Is Dell Building an Android PDA?
Dell is reportedly developing a pocket Internet device that runs on the Android operating system but has no phone capabilities. Such a device could score in cost and convenience categories, but questions remain about what kind of connectivity options it would provide. Is the PDA dead and gone, or will Dell and Android be able to breath new life into it?
Here's one of the many questions facing device makers targeting the mini notebook and netbook markets: When business users or consumers want to access the Web on the go, will they be willing to set aside a smartphone or cellphone and instead log on using a next-generation PDA?
Dell may be wagering the answer is yes.
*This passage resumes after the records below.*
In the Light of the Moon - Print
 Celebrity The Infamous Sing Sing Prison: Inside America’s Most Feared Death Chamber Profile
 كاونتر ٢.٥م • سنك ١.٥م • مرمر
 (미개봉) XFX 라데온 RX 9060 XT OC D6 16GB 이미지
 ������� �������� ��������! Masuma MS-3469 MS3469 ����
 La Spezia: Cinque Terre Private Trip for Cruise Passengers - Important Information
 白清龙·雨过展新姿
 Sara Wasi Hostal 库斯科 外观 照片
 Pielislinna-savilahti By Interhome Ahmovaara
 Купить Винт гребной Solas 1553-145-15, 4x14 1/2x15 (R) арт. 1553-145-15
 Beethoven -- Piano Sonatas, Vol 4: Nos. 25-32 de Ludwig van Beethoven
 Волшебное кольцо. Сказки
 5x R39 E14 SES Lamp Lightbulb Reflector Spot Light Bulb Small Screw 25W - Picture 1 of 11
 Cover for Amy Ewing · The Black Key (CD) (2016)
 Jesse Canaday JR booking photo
The Wall Street Journal reported on Tuesday the company is developing an Android-based, non-phone device that will run on the ARM architecture instead of an Intel Atom mobile chip. The report was based on interviews with people familiar with the plans.
Dell declined to respond to inquiries on its plans to market such a device.
Little is known about Dell's reported plans for a new category of pocket-sized communication device. Less precise rumors have circulated for some time about various phone and PC makers experimenting with alternatives to the popular Apple iPhone and RIM BlackBerry devices, however.
If successful, a non-phone, pocket-sized device could usher in a new generation of PDAs -- personal data assistants that were popular years ago before such devices were combined with cellphones and dubbed "smartphones." PDAs often synchronized documents and other data with users' computers.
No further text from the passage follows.